Copy exactly the lines of the material below that run from the one containing "SATISFYER – CLOUD" through the one containing "Load image into". Copy no other lines.

Working data:
..........
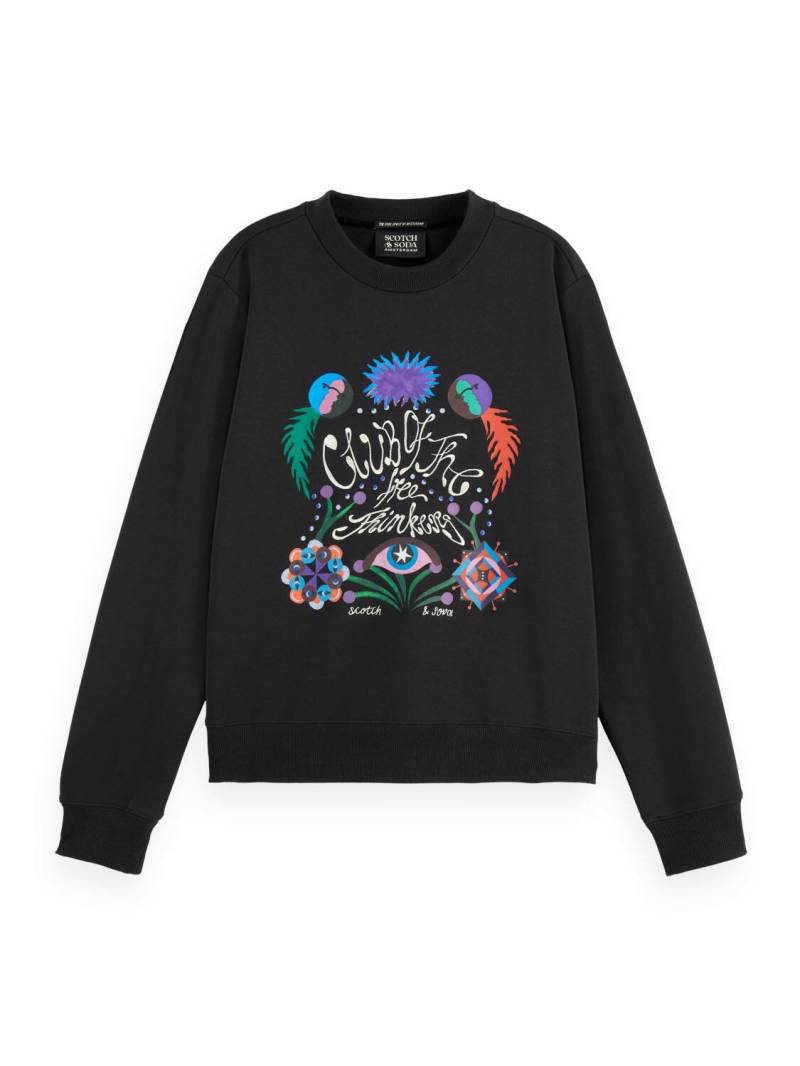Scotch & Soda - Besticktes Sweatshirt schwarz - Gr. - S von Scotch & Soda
..........
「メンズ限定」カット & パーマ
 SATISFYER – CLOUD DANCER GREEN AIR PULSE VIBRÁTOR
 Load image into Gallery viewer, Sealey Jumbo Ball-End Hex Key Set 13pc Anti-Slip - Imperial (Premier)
..........
Solution to the exercise:
 SATISFYER – CLOUD DANCER GREEN AIR PULSE VIBRÁTOR
 Load image into Gallery viewer, Sealey Jumbo Ball-End Hex Key Set 13pc Anti-Slip - Imperial (Premier)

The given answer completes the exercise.